Закавыка: великий князь был ревнив.
Как-то ночью Понятовский попался в западню, которую для него устроил Петр со всем своим военным гением, каким обладал. Понятовский, министр Польши, воззвал к правам человека. Петр вместо того, чтобы повелеть его убить, как поступил бы явившийся суверен, или убить собственноручно, как поступил бы любой оскорбленный муж, отправил его в кордегардию, как поступил бы капрал, совершающий обход во главе ночного дозора. Затем срочно, от имени императрицы Елизаветы, отправил к любовнику курьера ― объявить, чтобы тот немедленно покинул Россию за то, что произошло. Но, пока курьер выполнял поручение, великая княгиня, в свою очередь, успела разыскать мужа и смело атаковала его вопросом о двусторонних правах в нормально построенной семье, потребовала от него оставить ей любовника, обещая, со своей стороны, не приставать к нему по поводу мадемуазель Воронцовой; и, так как военное хозяйство великого князя поглощало его доходы, предложила для мадемуазель Воронцовой содержание из своей, приватной, шкатулки.

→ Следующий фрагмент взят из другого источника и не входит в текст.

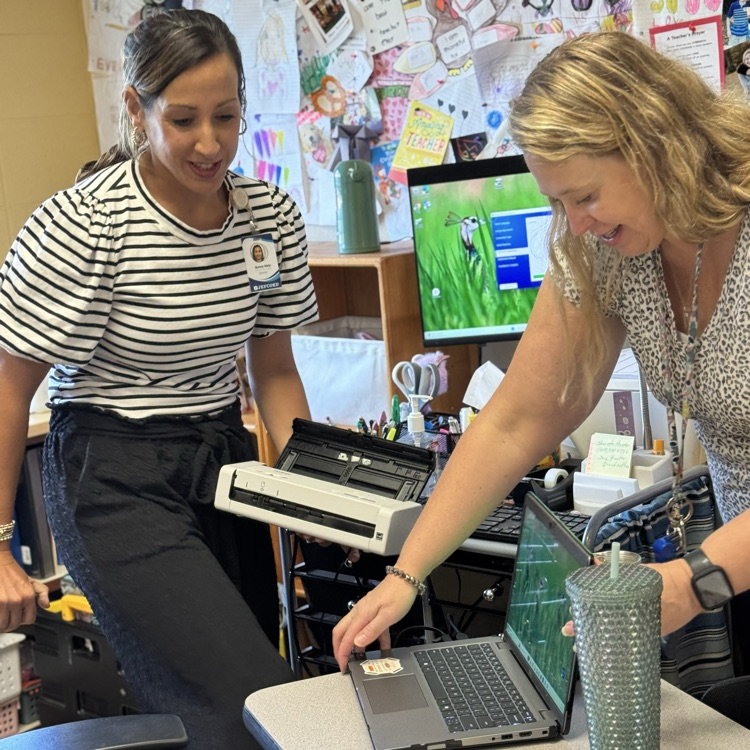 two teachers holding a laptop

Покладистая, дальше некуда; к тому же, подношением она растрогала великого князя. Он отдал приказ оставить двери кордегардии открытыми. Столького и не нужно было Понятовскому, который имел обыкновение проходить через приоткрытые двери. Он смылся и своим бегством констатировал первую победу Екатерины над своим мужем. Ловкая вообще, она воспользовалась своим успехом. В своем маленьком дворе, что уже начинал отделяться от двора великого князя, она приготовила все для отрешения от власти своего мужа, замещения его в империи сыном при своем регентстве над ним. Только, чтобы достичь этой цели, требовалось одно из двух: или подождать смерти императрицы, или ее решения ― лишить своего племянника будущей власти. Ждать смерти Елизаветы могло быть долгим, а второе ― трудным делом. Это был характер очень неуверенный и нерешительный ― характер императрицы Елизаветы. Однажды, когда Елизавета стала подписывать союзный договор с иностранным двором, она отказалась дописывать четыре последние буквы своего имени, потому что на перо села оса, в чем она усмотрела дурное предзнаменование. Тем не менее, маленький заговор находил свою дорогу, благодаря великому канцлеру Бестужеву, который был целиком на стороне великой княгини. Помнилось, что он первым шепнул ей на ухо пару слов о Салтыкове.